First, the Kenneth Arnold UFO sighting happened in 1947, in the skies above Mt. Rainier, Washington. Before Arnold’s report, UFOs weren’t very high on the human radar. America had gone through the panic of Orson Welles’ War of the Worlds Halloween broadcast back in 1938, but since then the idea of aliens had taken a back burner to the second World War. When Arnold saw nine unidentified objects flying through the air “like a saucer would,” America was introduced to the flying saucer and ran with it. Ufoevidence.org has several articles outlining the report Arnold made to the Air Force and other inquirers:
“At around 3:00 in the afternoon, he was flying at about 9,000 feet, near Mount Rainier, when a flash of light caught his eye. He turned and saw a procession of nine very strange objects flying from north to south in front of his plane. They were flat and rather heel-shaped, very shiny, and they moved erratically, like a “saucer would if you skipped it across water.”
Since then, Arnold’s report has been criticized by skeptics the world over. But, what UFO experience hasn’t been? In any case, this is the one that started it all…
After his initial report, America (and the world) were kicked into panic-mode. “Flying saucers” were everywhere. There was no going back now. America had UFO fever.

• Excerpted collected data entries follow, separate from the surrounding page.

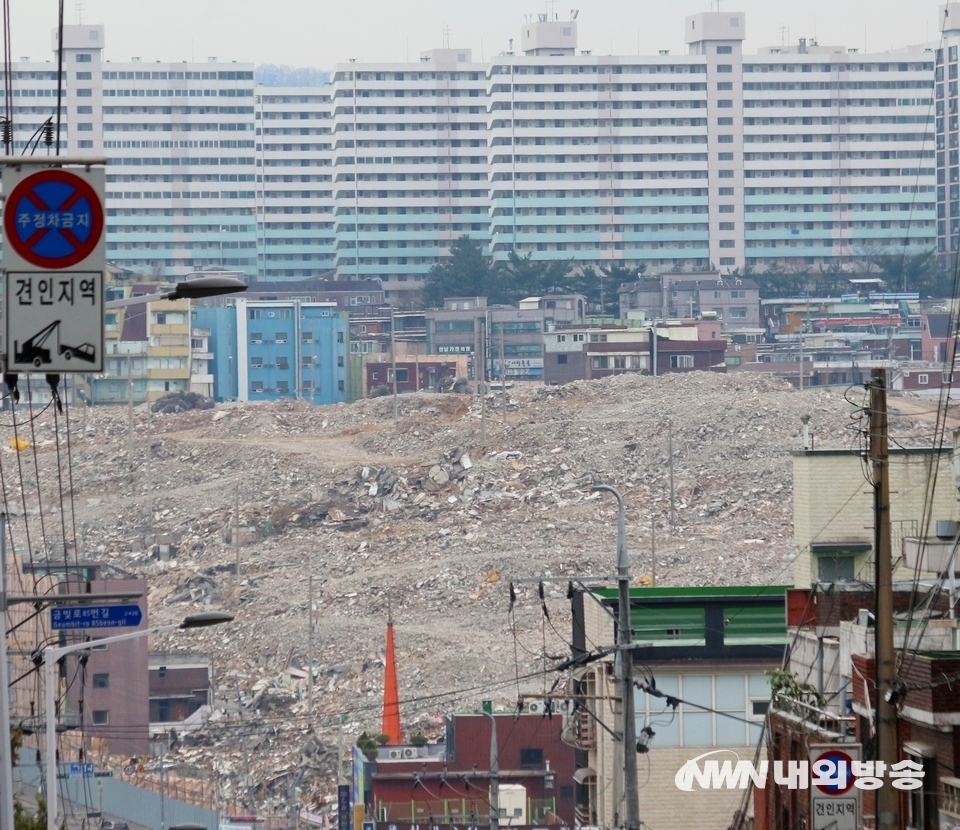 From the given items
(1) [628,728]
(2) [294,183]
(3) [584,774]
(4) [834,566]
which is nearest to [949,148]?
(2) [294,183]

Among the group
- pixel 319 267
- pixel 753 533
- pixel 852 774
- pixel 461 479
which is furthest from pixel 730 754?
pixel 319 267

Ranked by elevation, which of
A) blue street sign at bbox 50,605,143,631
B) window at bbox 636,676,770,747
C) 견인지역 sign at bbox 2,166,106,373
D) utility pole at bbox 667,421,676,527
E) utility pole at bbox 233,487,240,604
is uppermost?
견인지역 sign at bbox 2,166,106,373

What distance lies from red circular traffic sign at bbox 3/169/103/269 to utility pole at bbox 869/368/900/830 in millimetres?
5878

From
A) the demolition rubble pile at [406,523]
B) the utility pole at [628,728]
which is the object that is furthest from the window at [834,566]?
the demolition rubble pile at [406,523]

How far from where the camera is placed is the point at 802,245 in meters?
141

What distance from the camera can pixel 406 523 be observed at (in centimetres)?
8288

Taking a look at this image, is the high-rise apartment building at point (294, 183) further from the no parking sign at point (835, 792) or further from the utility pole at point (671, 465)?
the no parking sign at point (835, 792)

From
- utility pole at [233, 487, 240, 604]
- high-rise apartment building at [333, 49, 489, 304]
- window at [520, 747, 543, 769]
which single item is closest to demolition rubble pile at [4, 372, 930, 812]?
utility pole at [233, 487, 240, 604]

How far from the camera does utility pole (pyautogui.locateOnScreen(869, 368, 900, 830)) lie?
38.8 ft

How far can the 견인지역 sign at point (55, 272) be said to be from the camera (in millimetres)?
7496

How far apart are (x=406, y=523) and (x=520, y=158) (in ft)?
204

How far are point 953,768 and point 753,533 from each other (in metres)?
64.9

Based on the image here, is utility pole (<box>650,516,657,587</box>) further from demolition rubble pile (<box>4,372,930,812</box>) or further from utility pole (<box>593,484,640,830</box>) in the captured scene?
utility pole (<box>593,484,640,830</box>)

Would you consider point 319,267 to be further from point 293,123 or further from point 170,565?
point 170,565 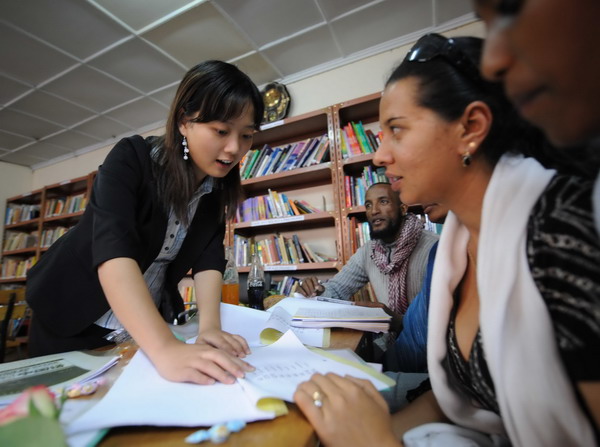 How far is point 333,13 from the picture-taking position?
210 centimetres

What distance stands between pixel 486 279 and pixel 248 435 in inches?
14.8

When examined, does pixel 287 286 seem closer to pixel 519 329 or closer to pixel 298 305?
pixel 298 305

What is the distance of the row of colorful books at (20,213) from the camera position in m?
4.22

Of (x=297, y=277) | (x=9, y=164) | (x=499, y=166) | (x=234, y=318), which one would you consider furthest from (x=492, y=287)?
(x=9, y=164)

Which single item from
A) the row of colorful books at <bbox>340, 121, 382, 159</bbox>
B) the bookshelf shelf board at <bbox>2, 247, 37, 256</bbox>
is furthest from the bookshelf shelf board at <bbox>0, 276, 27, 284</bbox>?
the row of colorful books at <bbox>340, 121, 382, 159</bbox>

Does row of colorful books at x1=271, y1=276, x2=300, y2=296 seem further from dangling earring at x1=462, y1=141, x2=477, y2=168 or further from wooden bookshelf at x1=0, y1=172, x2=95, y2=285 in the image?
Answer: wooden bookshelf at x1=0, y1=172, x2=95, y2=285

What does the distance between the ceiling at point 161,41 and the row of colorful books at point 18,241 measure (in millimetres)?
1837

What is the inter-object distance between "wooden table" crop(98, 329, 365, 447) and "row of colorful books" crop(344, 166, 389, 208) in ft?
6.39

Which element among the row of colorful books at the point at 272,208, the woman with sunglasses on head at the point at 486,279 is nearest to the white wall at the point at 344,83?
the row of colorful books at the point at 272,208

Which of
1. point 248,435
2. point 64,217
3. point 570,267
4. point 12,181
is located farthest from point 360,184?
point 12,181

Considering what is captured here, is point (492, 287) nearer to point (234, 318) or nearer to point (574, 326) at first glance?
point (574, 326)

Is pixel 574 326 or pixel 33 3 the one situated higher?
pixel 33 3

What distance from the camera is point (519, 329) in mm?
377

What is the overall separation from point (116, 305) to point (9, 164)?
5.59 metres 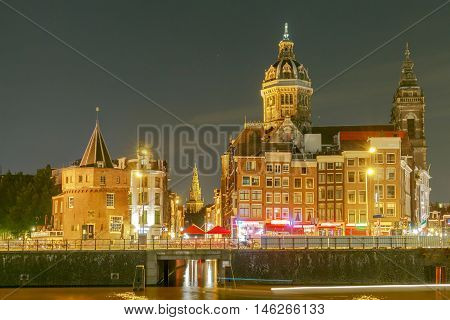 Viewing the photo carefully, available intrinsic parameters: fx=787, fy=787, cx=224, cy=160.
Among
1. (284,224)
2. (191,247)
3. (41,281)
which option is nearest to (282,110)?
(284,224)

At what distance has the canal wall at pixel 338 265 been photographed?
74.8 meters

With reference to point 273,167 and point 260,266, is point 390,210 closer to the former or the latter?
point 273,167

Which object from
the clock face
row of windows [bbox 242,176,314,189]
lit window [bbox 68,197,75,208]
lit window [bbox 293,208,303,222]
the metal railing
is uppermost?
the clock face

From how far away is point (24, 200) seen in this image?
364 ft

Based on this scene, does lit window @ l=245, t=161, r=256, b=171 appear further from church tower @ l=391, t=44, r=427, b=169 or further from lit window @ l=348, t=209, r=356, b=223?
church tower @ l=391, t=44, r=427, b=169

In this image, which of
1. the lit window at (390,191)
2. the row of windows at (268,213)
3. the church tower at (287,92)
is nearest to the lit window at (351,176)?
the lit window at (390,191)

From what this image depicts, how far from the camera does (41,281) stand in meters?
74.1

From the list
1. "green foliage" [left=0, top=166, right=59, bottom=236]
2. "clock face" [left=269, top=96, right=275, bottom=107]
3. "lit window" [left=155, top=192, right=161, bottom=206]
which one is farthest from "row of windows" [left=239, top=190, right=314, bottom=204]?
"clock face" [left=269, top=96, right=275, bottom=107]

Far before the idea of flying saucers came about, however, Americans in the northern states were hysterical over something they could only describe as an Airship. Now, all of us in the Steampunk community know all about airships. For us, they’re the main form of travel in an alternate Victorian world, more elegant than airplanes or helicopters. These are not, however, our main form of travel. In fact, even in 1897 these weren’t the way to travel. But residents from California to Michigan saw something in the sky from a period of 1896-97.
With over 1500 reports from individuals, the mystery airships have become the best-documented paranormal phenomenon from antiquity. It seems there wasn’t a person alive who didn’t witness some mystery flying in the skies during this chunk of time. But what did they really see?
Wikipedia has way more than I thought on the subject of the mystery airships. It seems Sacramento and San Francisco were the first to report strange flying objects in the skies over California. Witnesses reported seeing a dark object behind a very bright light. Shouts of orders were heard from the ground, as well as singing. A man named Lowry reported two men pedaling to keep the aircraft aloft, and above them something like a passenger compartment.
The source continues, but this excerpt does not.